The career of the longest-serving member of Congress in U.S. history, John David Dingell Jr., who died Thursday in his home state of Michigan at 92, was one of many votes. But out of all the votes that the Detroit-area Congressman cast during his nearly 60 years in the House of Representatives, one stood out.
His “the single most important vote” of all, he said as part of an oral-history recorded in 2012, was his yea vote for the Civil Rights Act in 1964.
Dingell had arrived at Congress at the height of segregation, having been elected to replace his Michigan-Congressman father, who had died in 1955, just two weeks after Rosa Parks was arrested for refusing to give up her seat on a Montgomery, Ala., bus.
Nearly a decade into Dingell’s Congressional career, President Lyndon B. Johnson’s Civil Rights Act came before Congress. After Dingell helped get the 1964 bill passed, he faced a difficult primary. Redistricting meant that he was up against another incumbent Congressman, John Lesinski, with whom he had much in common, including a Polish family background and fathers who had also served in Congress. The big difference between them — and likely the topic that would drive voters in one way or the other — was on the issue of race, as TIME described it back then:
The Dingells were liberals and champions of the Negroes, who comprised some 46% of the population in their longtime constituency. The Lesinskis stood fast against any Negro penetration of their own home ground of Dearborn, a virtually all-white city of 115,600.
Predictably, Dingell this year voted in Congress for the civil rights bill, while Lesinski was the only Northern Democratic Congressman to vote against it. Dingell’s vote took some courage. In Michigan’s redistricting, he lost most of his old Negro constituency, faced Lesinski in a new district that included 80% of Lesinski’s old territory and was 90% white.
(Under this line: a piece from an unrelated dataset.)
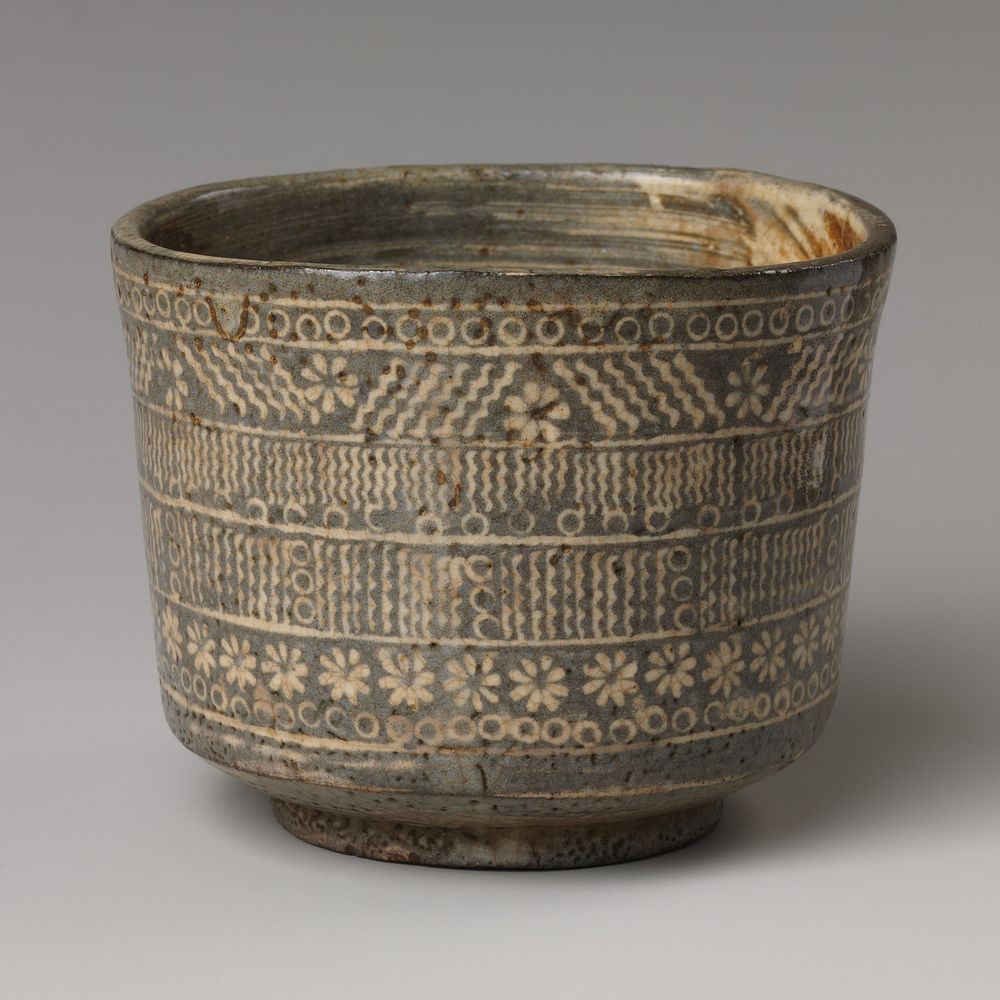 Tea bowl with decoration of chrysanthemums and wavy lines
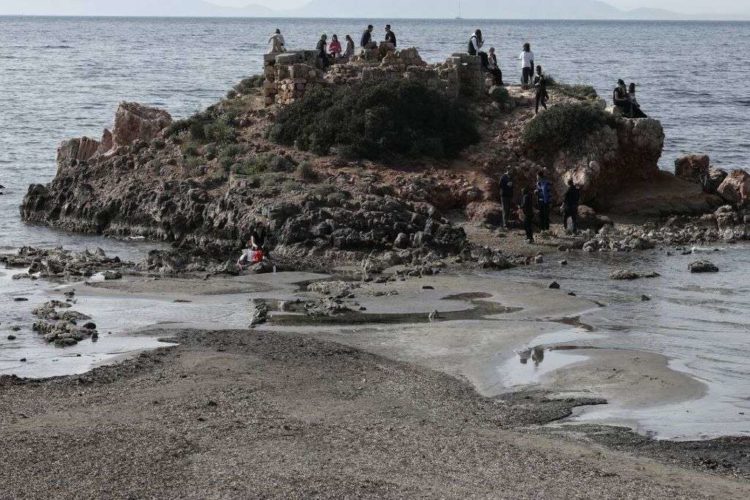 Καβούρι: Εντυπωσιακές εικόνες από την υποχώρηση της θάλασσας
In the new district, bordered by Negro neighborhoods and beset by fears of black incursions, the backlash, so everybody thought, was an “obvious” issue. Dingell accused Lesinski’s followers of “trying to use it. They’re raising the bogeyman, telling people that if I’m elected there will be two Negro families on every block in Dearborn.” Lesinski indeed raised some bogeymen. “The other day,” he cried in a typical speech, “a 35-year-old man was set upon and stabbed by four colored fellows. He was stabbed to death. It didn’t appear on TV or in the papers. They hushed it up. Now that’s the kind of thing that the people are worried about.”
…To believers in the backlash theory, Lesinski’s victory seemed a cinch. But Dingell won by a vote of 30,791 to 25,620. In a district that was clearly liberal on almost every issue other than civil rights, his liberal record was the big difference. Moreover, as Dingell himself said, with more accuracy than modesty: “I can make an understandable and intelligent speech, where my opponent, frankly, cannot.”
Dingell’s victory, the magazine surmised, was a solid piece of evidence that the country had come further on civil rights than some had feared.
To Dingell, however, the fear of possible backlash was less influential than another motivating factor: doing what he felt was right.
“I very nearly lost an election over it. But it was the right thing to do. It was the single vote that did the most to see to it that our country remained one and to finally begin the solution of the problems that triggered the Civil War,” he once told an interviewer, “I was challenged in an election in which the Wall Street Journal gave me a 1 in 15 chance of winning. It was a hard-fought campaign in which I asked people: Why is it that a white man or woman should be able to vote and an African-American should not?”